## SUPPLIED INFORMATION:
════════════════

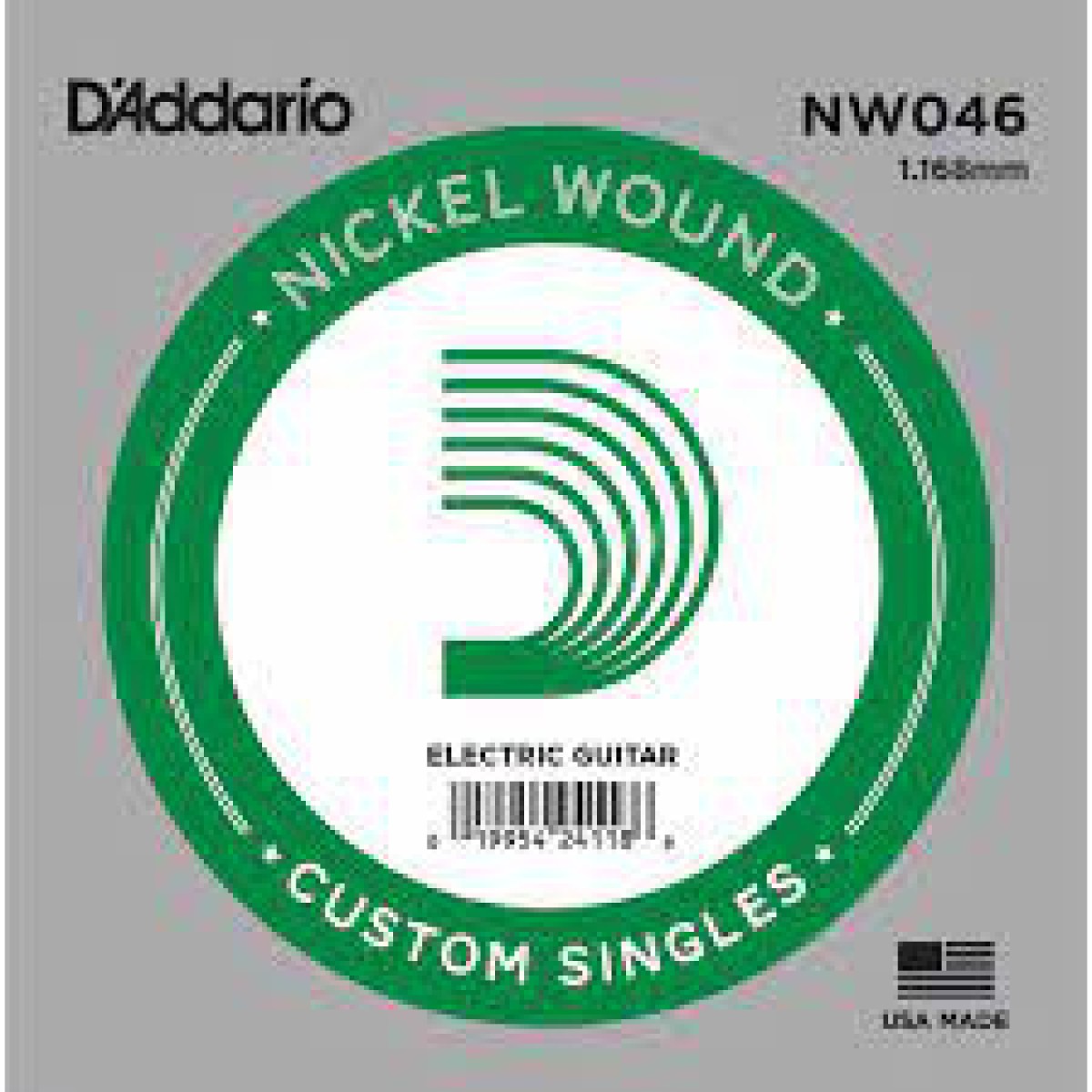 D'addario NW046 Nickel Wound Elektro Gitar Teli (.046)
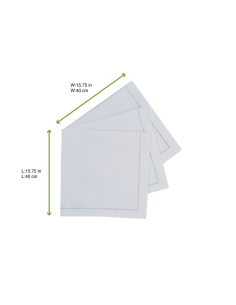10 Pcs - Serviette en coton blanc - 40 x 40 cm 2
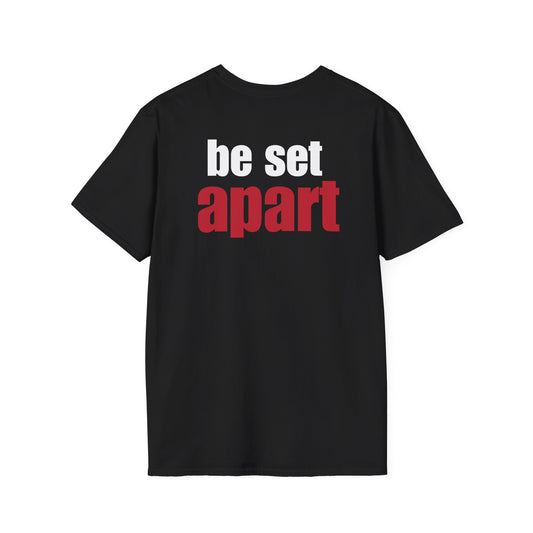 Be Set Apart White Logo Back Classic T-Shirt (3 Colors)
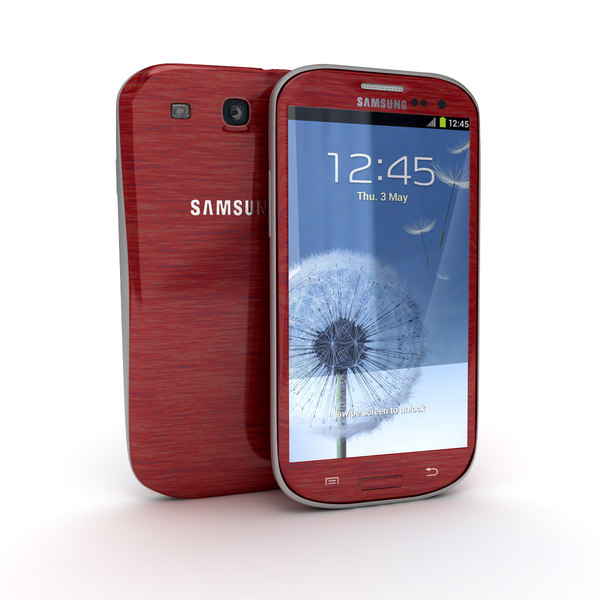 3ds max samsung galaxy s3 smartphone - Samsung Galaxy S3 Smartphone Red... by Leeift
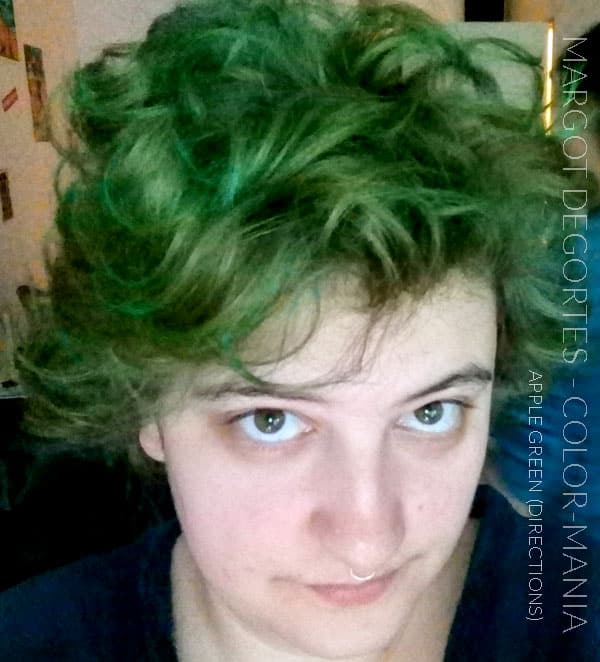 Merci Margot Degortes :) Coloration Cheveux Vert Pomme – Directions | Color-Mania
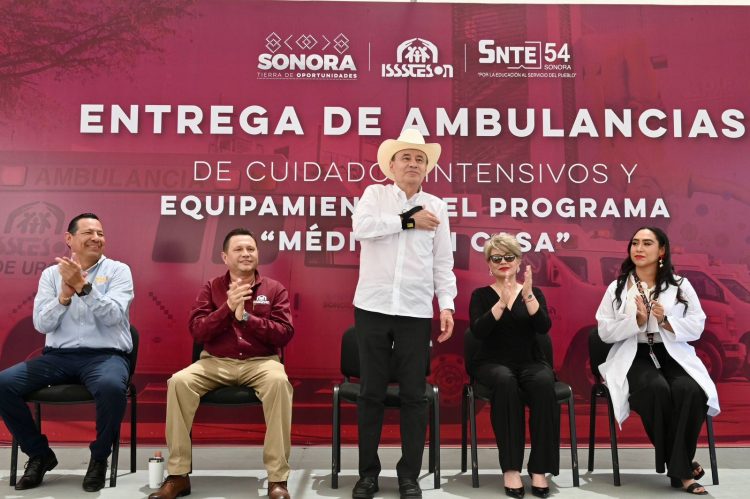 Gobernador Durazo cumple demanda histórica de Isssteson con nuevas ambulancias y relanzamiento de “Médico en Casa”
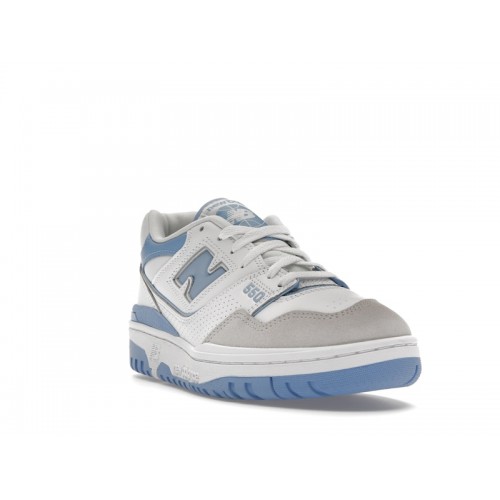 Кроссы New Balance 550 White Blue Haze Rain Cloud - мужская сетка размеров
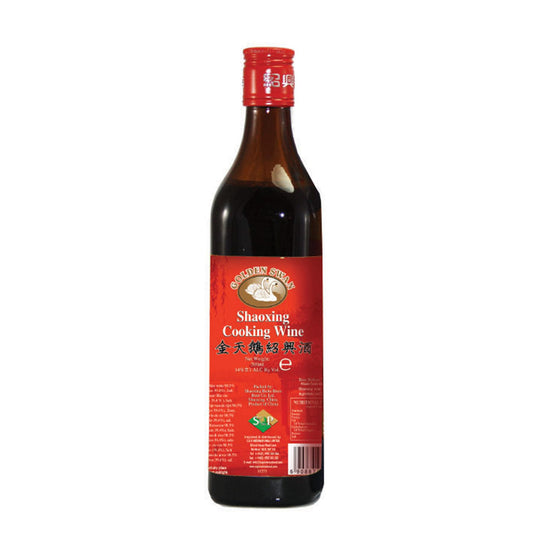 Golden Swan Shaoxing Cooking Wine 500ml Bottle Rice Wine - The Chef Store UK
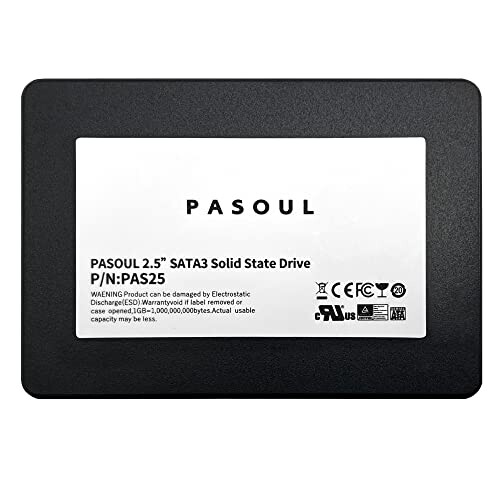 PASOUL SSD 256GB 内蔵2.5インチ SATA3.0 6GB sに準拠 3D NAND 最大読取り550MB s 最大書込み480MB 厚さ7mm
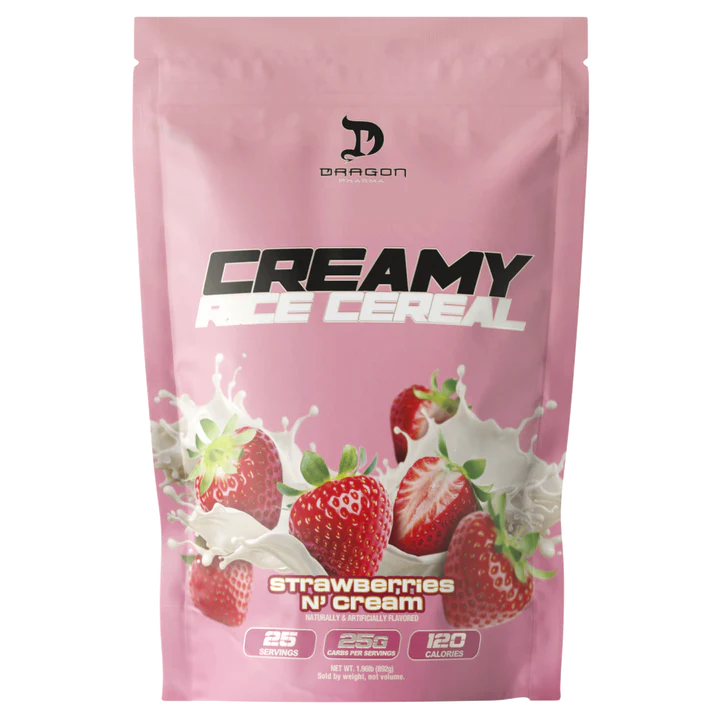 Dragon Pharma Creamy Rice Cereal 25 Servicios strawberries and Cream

════════════════

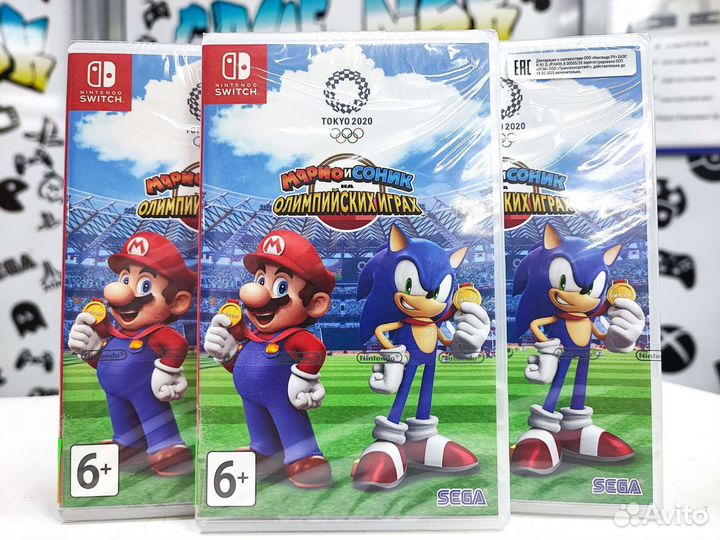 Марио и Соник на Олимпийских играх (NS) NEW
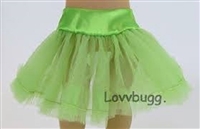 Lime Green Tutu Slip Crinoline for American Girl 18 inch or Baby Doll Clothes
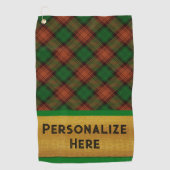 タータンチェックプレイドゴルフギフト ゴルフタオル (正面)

════════════════

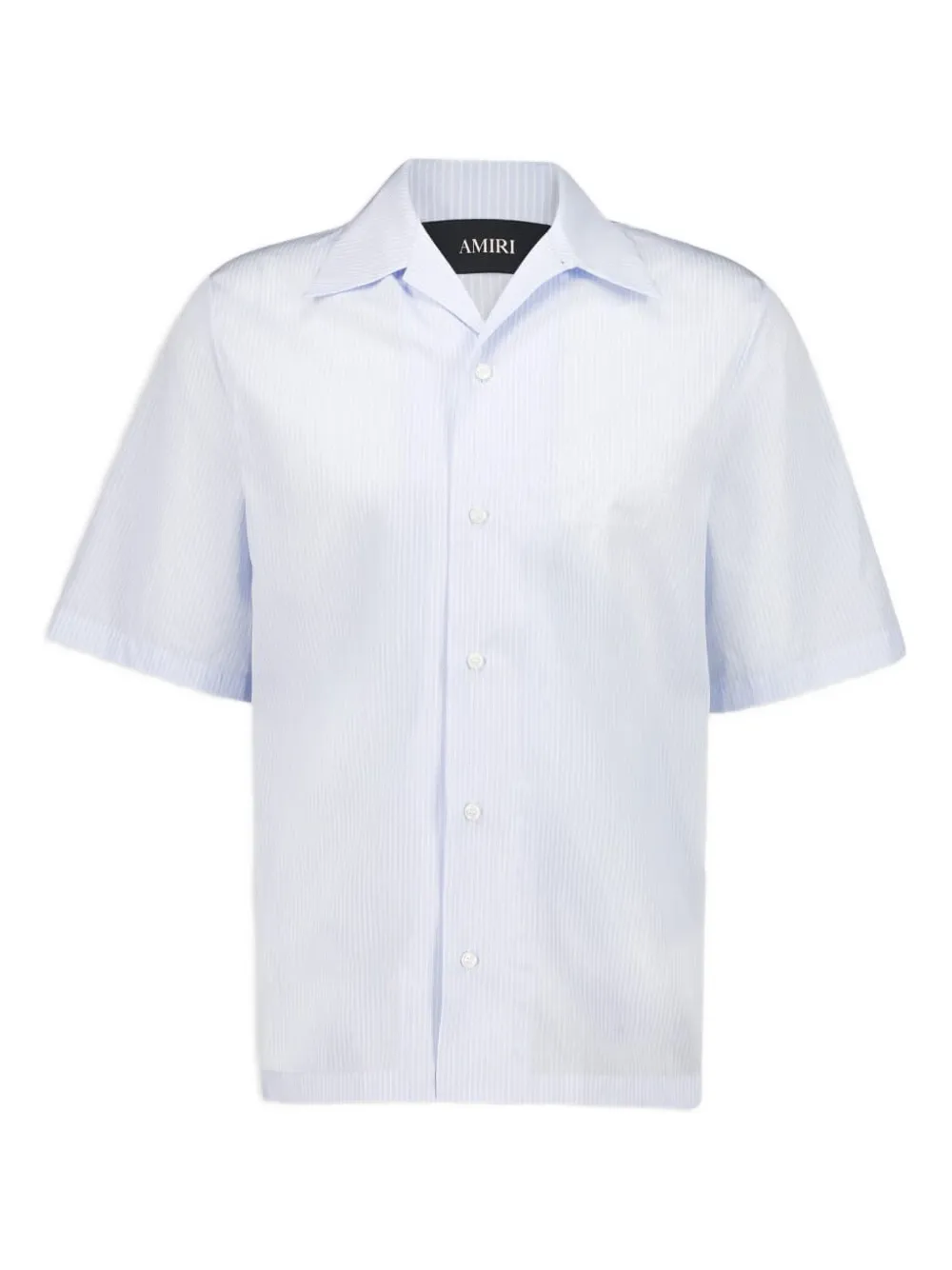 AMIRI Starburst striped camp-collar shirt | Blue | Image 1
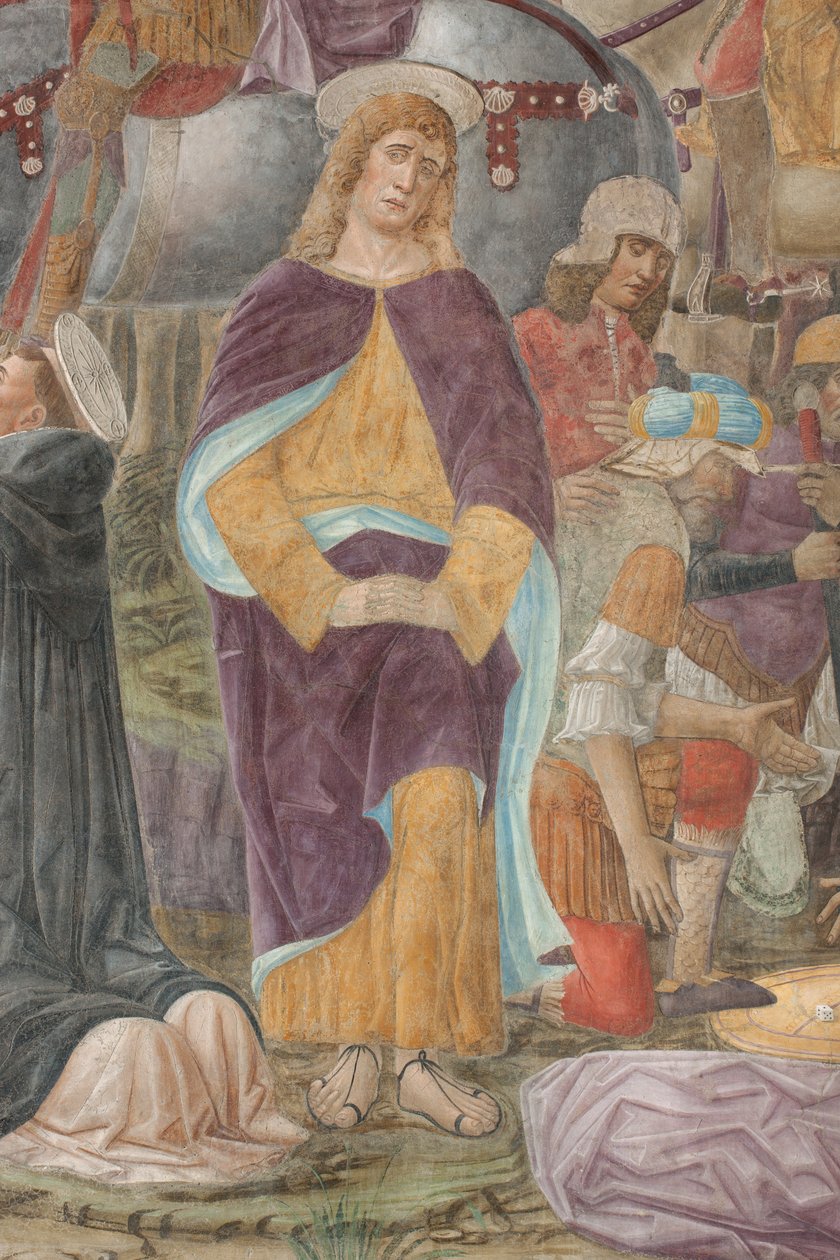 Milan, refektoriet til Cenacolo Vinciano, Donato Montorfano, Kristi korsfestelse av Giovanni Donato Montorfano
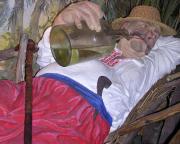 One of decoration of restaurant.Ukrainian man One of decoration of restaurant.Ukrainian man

════════════════

## EXERCISE AIM:
Print everything from the line with "Milan, refektoriet til" down to the line with "One of decoration of restaurant.Ukrainian man One" in the entries above, both lines included and nothing more, without the pictures.

## EXERCISE RESPONSE:
 Milan, refektoriet til Cenacolo Vinciano, Donato Montorfano, Kristi korsfestelse av Giovanni Donato Montorfano
 One of decoration of restaurant.Ukrainian man One of decoration of restaurant.Ukrainian man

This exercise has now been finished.